Stored dataset items:
○ ○ ○ ○ ○
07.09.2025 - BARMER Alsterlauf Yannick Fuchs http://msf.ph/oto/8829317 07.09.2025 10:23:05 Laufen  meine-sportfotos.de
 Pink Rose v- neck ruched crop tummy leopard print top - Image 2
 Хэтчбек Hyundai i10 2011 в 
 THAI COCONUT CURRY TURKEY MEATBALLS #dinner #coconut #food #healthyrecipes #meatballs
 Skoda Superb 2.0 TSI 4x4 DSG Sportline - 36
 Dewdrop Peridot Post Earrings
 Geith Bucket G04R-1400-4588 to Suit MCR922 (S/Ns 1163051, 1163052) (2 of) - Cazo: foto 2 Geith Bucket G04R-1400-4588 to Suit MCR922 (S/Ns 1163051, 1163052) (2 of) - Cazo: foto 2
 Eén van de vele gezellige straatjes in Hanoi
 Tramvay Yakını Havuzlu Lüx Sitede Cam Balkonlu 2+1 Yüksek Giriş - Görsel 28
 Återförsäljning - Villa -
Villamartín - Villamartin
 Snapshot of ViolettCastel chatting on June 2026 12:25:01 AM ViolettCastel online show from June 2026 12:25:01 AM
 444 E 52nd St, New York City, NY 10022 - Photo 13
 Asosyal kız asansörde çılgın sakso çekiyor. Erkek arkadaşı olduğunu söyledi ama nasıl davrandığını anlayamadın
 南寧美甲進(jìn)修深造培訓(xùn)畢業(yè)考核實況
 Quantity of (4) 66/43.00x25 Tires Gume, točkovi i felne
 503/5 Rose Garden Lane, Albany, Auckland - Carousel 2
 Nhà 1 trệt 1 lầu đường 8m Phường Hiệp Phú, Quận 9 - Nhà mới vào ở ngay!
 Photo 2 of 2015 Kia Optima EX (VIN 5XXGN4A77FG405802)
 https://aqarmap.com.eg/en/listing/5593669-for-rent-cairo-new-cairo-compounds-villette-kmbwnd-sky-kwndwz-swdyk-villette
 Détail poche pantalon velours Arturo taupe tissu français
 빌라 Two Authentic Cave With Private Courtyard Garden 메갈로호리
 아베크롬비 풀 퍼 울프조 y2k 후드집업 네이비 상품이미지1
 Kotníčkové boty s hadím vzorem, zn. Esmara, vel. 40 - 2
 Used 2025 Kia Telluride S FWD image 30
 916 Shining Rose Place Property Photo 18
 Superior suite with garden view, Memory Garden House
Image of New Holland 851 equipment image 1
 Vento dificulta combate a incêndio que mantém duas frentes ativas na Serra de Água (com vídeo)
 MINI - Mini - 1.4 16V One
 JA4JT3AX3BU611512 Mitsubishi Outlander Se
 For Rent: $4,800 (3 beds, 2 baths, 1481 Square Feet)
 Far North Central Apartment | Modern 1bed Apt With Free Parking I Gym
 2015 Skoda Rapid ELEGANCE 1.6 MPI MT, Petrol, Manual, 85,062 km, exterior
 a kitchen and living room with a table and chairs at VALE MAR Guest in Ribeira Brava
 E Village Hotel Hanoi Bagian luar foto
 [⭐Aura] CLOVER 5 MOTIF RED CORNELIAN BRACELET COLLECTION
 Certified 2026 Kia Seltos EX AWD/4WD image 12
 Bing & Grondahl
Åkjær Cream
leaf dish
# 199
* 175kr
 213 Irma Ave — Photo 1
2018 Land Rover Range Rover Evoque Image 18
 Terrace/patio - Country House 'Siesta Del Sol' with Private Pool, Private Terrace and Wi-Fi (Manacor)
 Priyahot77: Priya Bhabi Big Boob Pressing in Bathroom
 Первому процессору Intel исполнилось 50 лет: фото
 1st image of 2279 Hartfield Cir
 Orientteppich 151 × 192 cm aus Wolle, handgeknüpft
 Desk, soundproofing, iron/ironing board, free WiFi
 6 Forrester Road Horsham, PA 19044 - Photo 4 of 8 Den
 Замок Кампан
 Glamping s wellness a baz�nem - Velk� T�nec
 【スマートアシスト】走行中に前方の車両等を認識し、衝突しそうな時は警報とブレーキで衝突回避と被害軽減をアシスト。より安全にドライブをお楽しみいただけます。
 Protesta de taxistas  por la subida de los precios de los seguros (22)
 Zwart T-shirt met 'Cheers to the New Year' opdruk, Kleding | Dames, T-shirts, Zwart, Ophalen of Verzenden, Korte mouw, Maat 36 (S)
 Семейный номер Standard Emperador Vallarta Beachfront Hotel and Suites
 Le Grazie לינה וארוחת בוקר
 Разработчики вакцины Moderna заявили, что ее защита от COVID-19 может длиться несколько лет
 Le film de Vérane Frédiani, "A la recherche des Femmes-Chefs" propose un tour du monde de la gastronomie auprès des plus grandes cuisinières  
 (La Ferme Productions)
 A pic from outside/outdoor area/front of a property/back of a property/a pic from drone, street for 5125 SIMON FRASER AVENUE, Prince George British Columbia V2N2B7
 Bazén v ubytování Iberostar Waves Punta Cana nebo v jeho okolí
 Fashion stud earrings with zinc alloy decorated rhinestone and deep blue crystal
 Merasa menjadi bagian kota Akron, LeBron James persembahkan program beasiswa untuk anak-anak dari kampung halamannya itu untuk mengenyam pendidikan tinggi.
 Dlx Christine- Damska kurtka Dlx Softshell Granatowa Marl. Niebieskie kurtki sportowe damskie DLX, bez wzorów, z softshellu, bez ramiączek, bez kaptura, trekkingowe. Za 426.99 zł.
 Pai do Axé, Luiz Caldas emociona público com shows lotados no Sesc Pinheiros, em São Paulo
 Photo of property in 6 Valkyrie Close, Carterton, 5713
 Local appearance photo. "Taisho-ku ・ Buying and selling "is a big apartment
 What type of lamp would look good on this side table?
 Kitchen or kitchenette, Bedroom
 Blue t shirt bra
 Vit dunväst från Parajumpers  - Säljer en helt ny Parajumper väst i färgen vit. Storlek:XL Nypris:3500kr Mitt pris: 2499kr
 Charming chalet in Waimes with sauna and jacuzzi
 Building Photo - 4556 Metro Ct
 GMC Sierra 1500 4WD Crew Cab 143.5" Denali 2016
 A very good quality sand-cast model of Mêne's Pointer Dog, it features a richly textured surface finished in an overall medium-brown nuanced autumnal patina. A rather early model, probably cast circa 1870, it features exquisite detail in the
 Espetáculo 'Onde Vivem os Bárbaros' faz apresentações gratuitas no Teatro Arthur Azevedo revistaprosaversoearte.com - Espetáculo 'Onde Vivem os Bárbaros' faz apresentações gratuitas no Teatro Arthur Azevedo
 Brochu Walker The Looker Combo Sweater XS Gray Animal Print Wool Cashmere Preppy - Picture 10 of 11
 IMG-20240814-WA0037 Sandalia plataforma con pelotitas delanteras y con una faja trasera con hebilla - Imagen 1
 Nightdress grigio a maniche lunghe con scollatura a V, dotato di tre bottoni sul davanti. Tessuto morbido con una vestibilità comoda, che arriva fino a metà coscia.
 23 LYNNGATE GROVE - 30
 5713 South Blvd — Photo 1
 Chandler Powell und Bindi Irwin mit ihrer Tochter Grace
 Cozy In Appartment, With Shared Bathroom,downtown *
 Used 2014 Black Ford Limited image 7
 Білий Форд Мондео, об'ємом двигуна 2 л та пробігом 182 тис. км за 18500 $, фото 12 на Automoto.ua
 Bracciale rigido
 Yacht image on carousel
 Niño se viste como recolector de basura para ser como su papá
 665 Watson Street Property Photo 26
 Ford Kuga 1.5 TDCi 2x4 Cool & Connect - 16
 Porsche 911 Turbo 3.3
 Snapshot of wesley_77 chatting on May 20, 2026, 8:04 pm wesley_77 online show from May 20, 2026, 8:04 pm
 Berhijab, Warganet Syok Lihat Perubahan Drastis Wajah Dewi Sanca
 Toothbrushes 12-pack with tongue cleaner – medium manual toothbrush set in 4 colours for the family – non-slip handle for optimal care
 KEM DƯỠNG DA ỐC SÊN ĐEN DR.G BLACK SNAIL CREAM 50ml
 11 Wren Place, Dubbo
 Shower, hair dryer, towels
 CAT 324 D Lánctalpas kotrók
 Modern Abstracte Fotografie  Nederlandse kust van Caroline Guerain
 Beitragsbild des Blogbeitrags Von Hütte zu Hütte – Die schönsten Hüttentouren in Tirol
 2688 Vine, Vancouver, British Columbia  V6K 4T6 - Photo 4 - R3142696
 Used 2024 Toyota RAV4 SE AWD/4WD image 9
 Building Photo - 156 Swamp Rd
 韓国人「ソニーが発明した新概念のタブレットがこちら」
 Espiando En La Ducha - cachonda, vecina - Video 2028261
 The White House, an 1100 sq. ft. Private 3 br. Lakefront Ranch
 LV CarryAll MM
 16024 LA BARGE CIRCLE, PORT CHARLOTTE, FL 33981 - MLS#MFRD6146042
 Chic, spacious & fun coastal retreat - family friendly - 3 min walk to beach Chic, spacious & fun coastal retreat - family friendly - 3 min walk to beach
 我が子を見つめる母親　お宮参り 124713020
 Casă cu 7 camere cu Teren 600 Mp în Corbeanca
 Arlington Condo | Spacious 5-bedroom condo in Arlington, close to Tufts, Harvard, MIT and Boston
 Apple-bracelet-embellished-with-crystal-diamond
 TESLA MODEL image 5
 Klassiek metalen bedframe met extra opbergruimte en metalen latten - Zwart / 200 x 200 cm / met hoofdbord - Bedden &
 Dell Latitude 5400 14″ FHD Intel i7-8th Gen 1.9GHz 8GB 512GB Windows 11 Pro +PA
○ ○ ○ ○ ○
• **WORK INSTRUCTION**: Print, from the entries above, the line with "Beitragsbild des Blogbeitrags", the line with "beach Chic, spacious" and all lines between them, exactly and with nothing else.

• **EXERCISE OUTPUT**:
 Beitragsbild des Blogbeitrags Von Hütte zu Hütte – Die schönsten Hüttentouren in Tirol
 2688 Vine, Vancouver, British Columbia  V6K 4T6 - Photo 4 - R3142696
 Used 2024 Toyota RAV4 SE AWD/4WD image 9
 Building Photo - 156 Swamp Rd
 韓国人「ソニーが発明した新概念のタブレットがこちら」
 Espiando En La Ducha - cachonda, vecina - Video 2028261
 The White House, an 1100 sq. ft. Private 3 br. Lakefront Ranch
 LV CarryAll MM
 16024 LA BARGE CIRCLE, PORT CHARLOTTE, FL 33981 - MLS#MFRD6146042
 Chic, spacious & fun coastal retreat - family friendly - 3 min walk to beach Chic, spacious & fun coastal retreat - family friendly - 3 min walk to beach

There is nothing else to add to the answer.